If you drive an enemy king into a corner, you still need to control four different squares to checkmate him. Your king can control two of those squares (but cannot approach the enemy king), your knight can control the third, but there is no way of controlling the fourth. That is, it is impossible for the knight to control both the corner square and the one adjacent to the enemy king (the one your own king doesn't control).

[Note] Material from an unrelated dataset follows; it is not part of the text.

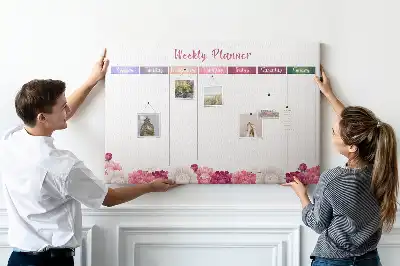 Tableau en liège déco Planificateur hebdomadaire fleurs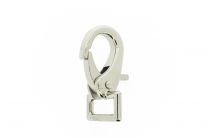 Musketon met klip 60mm, rechthoekig wervel 22mm vernikkeld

So the result would be a draw -- insufficient material to win.

  • 3
    Not only this, but N+N+K vs. K can't even win! This is one of the great tragedies of chess.
    – Dennis
    Jan 5, 2013 at 7:55
  • A knight can only mate if the opposing king is smothered by at least one pawn of his own. Two knights cannot force mate without first stalemating unless they make use of an enemy pawn. KNNkp is possible if you blockade the enemy pawn and use it to avoid stalemate while forcing the king into the corner. It's very tough.
    – Alan
    Jun 24, 2014 at 5:38
  • @Dennis There's nothing tragic about the knight. His strengths (which are formidable) easily make up for his weaknesses. Knights are about the most common piece to be undervalued, especially in lower ELOs. You can't blame your stalemates on the knight. Or any other piece for that matter.
    – arkon
    Jul 13, 2016 at 9:29
  • 2
    @b1nary.atr0phy I think you read a bit too much into my comment.
    – Dennis
    Jul 13, 2016 at 13:48

It is POSSIBLE to checkmate a lone king with a king and 2 knights but it cannot be FORCED. There is always an escape square for the lone king. If the player with the lone king is drunk or reckless he would possibly move his king to the corner square in which case he would be checkmated. If the player with the king and 2 knights fails to checkmate the lone king within 50 moves then the player with the lone king can claim a draw.

Checkmate with either 1 bishop or 1 knight and a king against a lone king is IMPOSSIBLE.

What CAN be forced is checkmate with a king and a knight and a bishop against a lone king. There is an exact pattern for this though. Consult a chess book. My favorite is "Chess for Beginners" by Horowitz....


Checkmate with K+N v K is not possible. The game ends in a draw by insufficient material.

  • 1
    Stalemate may be possible, but the player with the bare K will have to help. But this is still a draw.
    – Tony Ennis
    Aug 20, 2012 at 11:14
  • Explaining the why is generally encouraged.
    – arkon
    Jul 13, 2016 at 9:32

No it is not possible to checkmate a lone king with king and Knight ...

Even a lone king king cannot be checkmated using King and a bishop...

This is because knight controls only one coloured square a a time (either black or white), this is the case with bishop....

So the opponent king can run using the other color which is not controlled. even if you control that escaping square with your king that will be stalemate (Draw)...

Even two knights and a king cannot mate a lone king (True fact)...

The minor piece combination that will mate a lone king is King + 2 bishops or King + knight + bishop....

Since two bishops control both colored squares and in case of Knight and bishop, knight should control the opposite colored square as that of the bishop ....

  • 1
    Two knights ´can´ mate a lone king, they just cannot force checkmate.